- Data provided:
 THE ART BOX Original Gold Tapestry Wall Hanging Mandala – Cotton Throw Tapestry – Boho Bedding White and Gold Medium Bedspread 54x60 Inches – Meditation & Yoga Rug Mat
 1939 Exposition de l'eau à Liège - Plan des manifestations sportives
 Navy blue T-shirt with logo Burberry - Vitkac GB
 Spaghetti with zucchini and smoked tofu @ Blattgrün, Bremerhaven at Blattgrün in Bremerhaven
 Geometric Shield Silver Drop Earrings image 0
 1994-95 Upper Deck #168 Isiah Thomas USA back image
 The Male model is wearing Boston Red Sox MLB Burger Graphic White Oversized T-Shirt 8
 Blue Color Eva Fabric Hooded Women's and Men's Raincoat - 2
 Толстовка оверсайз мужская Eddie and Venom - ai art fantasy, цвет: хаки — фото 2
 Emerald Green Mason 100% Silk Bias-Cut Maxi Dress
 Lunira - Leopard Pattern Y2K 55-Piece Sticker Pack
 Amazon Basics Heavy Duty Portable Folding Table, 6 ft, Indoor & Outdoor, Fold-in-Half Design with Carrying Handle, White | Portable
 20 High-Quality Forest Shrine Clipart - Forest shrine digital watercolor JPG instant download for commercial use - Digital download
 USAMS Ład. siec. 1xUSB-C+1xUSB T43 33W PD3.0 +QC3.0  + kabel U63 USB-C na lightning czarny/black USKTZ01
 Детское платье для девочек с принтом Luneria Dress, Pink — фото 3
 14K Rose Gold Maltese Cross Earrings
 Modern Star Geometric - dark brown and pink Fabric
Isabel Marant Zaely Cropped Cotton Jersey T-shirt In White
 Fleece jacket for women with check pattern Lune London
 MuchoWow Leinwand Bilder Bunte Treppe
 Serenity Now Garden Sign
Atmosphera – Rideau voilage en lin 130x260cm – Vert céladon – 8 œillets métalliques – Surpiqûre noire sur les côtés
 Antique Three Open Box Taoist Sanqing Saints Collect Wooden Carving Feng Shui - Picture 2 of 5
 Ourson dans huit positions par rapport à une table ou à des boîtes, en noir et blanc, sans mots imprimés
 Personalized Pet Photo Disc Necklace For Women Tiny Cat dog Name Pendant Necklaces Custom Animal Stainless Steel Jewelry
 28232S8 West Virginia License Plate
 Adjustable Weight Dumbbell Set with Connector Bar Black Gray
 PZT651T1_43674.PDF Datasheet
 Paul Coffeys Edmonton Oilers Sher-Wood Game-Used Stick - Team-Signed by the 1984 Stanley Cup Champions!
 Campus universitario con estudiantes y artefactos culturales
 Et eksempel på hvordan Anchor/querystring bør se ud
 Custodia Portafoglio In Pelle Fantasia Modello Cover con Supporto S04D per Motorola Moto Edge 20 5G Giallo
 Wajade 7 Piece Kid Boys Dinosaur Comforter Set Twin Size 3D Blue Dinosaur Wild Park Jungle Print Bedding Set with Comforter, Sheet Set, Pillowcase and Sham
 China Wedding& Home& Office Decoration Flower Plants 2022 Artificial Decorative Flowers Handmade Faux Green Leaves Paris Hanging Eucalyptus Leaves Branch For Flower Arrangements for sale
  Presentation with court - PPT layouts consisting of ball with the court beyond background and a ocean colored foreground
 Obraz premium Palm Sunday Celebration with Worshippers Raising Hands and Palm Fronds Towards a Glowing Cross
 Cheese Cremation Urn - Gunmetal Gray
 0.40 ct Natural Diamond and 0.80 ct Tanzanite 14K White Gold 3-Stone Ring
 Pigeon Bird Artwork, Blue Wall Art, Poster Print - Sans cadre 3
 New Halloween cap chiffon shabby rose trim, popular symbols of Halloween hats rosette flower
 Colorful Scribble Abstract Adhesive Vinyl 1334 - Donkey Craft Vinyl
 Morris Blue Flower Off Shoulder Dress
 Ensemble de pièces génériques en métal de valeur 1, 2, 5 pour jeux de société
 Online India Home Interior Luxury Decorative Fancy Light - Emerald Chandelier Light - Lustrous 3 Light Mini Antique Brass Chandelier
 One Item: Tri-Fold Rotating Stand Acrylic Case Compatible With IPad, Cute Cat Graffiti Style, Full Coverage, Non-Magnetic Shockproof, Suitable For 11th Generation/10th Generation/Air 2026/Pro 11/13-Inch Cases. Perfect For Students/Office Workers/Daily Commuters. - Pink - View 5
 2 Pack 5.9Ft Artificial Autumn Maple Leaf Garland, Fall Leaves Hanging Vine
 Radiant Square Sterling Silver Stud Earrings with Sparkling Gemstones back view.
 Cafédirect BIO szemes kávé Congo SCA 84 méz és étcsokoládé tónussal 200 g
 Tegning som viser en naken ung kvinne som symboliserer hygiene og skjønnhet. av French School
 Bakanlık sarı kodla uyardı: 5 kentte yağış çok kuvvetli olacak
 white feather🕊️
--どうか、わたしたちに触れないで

- Task requirements: Quote, with nothing altered, all lines from the start of the entries to the line that carries "Atmosphera – Rideau", inclusive.

- Response area:
 THE ART BOX Original Gold Tapestry Wall Hanging Mandala – Cotton Throw Tapestry – Boho Bedding White and Gold Medium Bedspread 54x60 Inches – Meditation & Yoga Rug Mat
 1939 Exposition de l'eau à Liège - Plan des manifestations sportives
 Navy blue T-shirt with logo Burberry - Vitkac GB
 Spaghetti with zucchini and smoked tofu @ Blattgrün, Bremerhaven at Blattgrün in Bremerhaven
 Geometric Shield Silver Drop Earrings image 0
 1994-95 Upper Deck #168 Isiah Thomas USA back image
 The Male model is wearing Boston Red Sox MLB Burger Graphic White Oversized T-Shirt 8
 Blue Color Eva Fabric Hooded Women's and Men's Raincoat - 2
 Толстовка оверсайз мужская Eddie and Venom - ai art fantasy, цвет: хаки — фото 2
 Emerald Green Mason 100% Silk Bias-Cut Maxi Dress
 Lunira - Leopard Pattern Y2K 55-Piece Sticker Pack
 Amazon Basics Heavy Duty Portable Folding Table, 6 ft, Indoor & Outdoor, Fold-in-Half Design with Carrying Handle, White | Portable
 20 High-Quality Forest Shrine Clipart - Forest shrine digital watercolor JPG instant download for commercial use - Digital download
 USAMS Ład. siec. 1xUSB-C+1xUSB T43 33W PD3.0 +QC3.0  + kabel U63 USB-C na lightning czarny/black USKTZ01
 Детское платье для девочек с принтом Luneria Dress, Pink — фото 3
 14K Rose Gold Maltese Cross Earrings
 Modern Star Geometric - dark brown and pink Fabric
Isabel Marant Zaely Cropped Cotton Jersey T-shirt In White
 Fleece jacket for women with check pattern Lune London
 MuchoWow Leinwand Bilder Bunte Treppe
 Serenity Now Garden Sign
Atmosphera – Rideau voilage en lin 130x260cm – Vert céladon – 8 œillets métalliques – Surpiqûre noire sur les côtés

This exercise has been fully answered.